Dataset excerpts
►

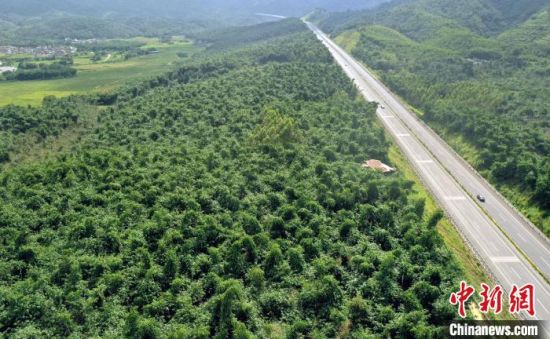 广东省林业特色产业发展基地增至30个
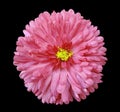 Pink flower, black isolated background with clipping path. Closeup. Royalty Free Stock Photo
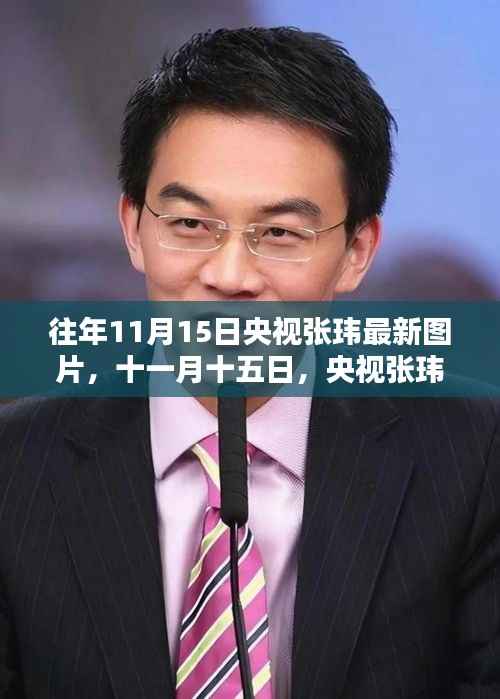 央视张玮最新图片揭秘,十一月十五日的温馨日常
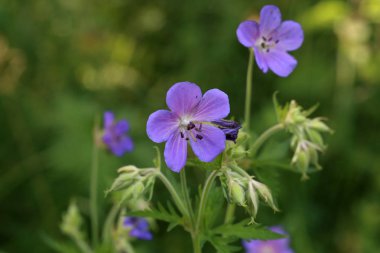 Bulanık yeşil arka planda güzel kır çiçekleri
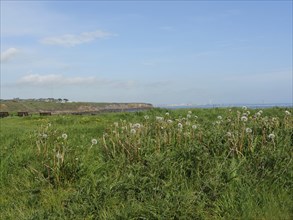 Green meadow with dandelions and a view of the sea and cliffs under a blue sky, tynemouth, England,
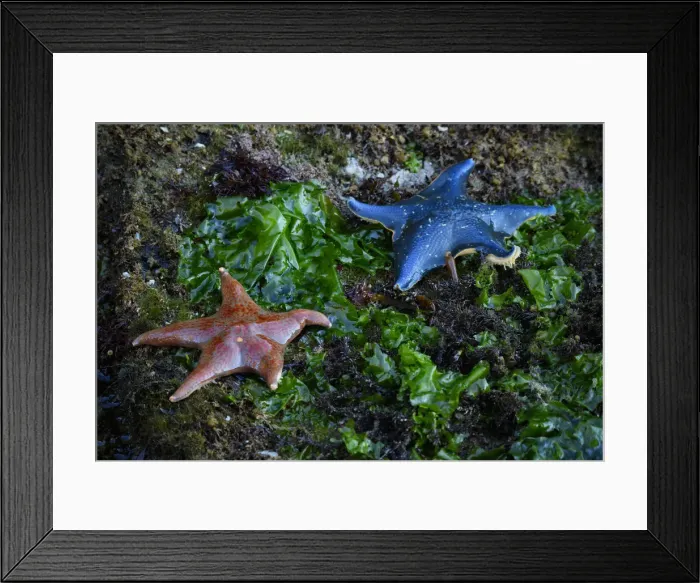 Framed Print : North America, Canada, British Columbia, Queen Charlotte Islands, Haida Gwaii, Gwaii Framed Print : North America, Canada, British Columbia, Queen Charlotte Islands, Haida Gwaii, Gwaii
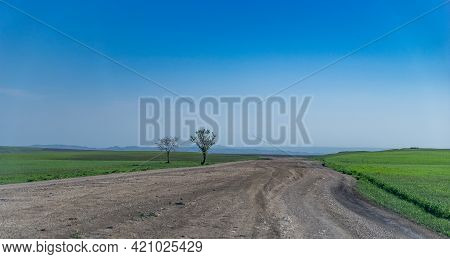 Pastoral Landscape In Green Kahetia Fields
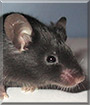Snoopy the Mouse
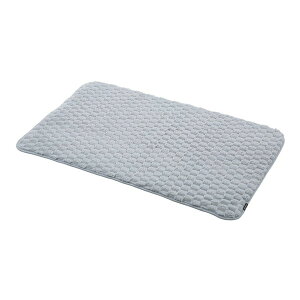 CB JAPAN J|R oX}bg L O[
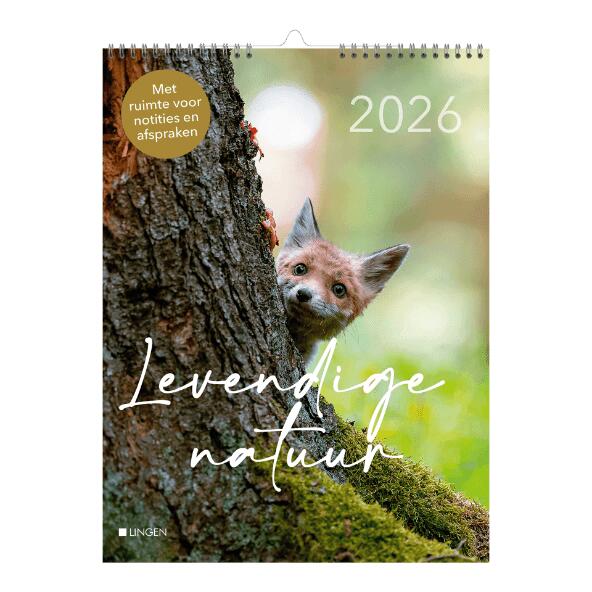 Decoratieve kalender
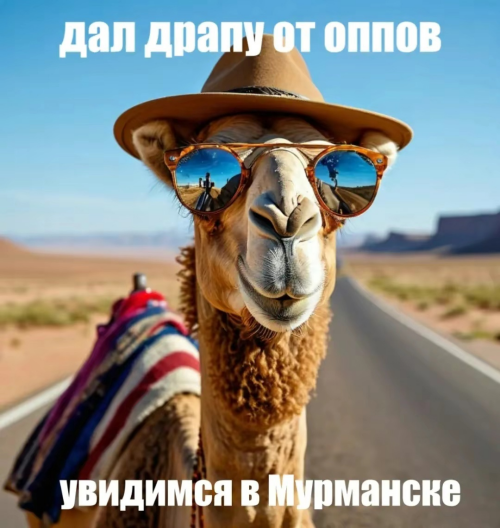 IZOBRAZENIE_2025-05-31_124154812.png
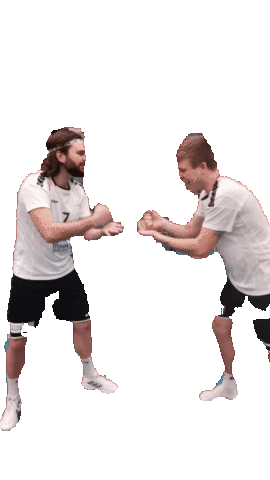 HSG Leimental Sticker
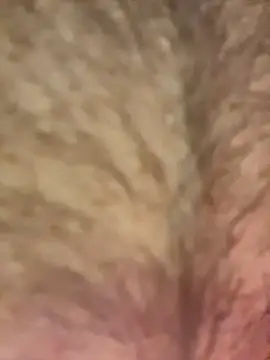 Gayginger86 Pertunjukan Webcam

◄

The result should be every entry, word for word, and no pictures.

## SOLUTION TO THE PROBLEM
 广东省林业特色产业发展基地增至30个
 Pink flower, black isolated background with clipping path. Closeup. Royalty Free Stock Photo
 央视张玮最新图片揭秘,十一月十五日的温馨日常
 Bulanık yeşil arka planda güzel kır çiçekleri
 Green meadow with dandelions and a view of the sea and cliffs under a blue sky, tynemouth, England,
 Framed Print : North America, Canada, British Columbia, Queen Charlotte Islands, Haida Gwaii, Gwaii Framed Print : North America, Canada, British Columbia, Queen Charlotte Islands, Haida Gwaii, Gwaii
 Pastoral Landscape In Green Kahetia Fields
Snoopy the Mouse
 CB JAPAN J|R oX}bg L O[
 Decoratieve kalender
 IZOBRAZENIE_2025-05-31_124154812.png
 HSG Leimental Sticker
 Gayginger86 Pertunjukan Webcam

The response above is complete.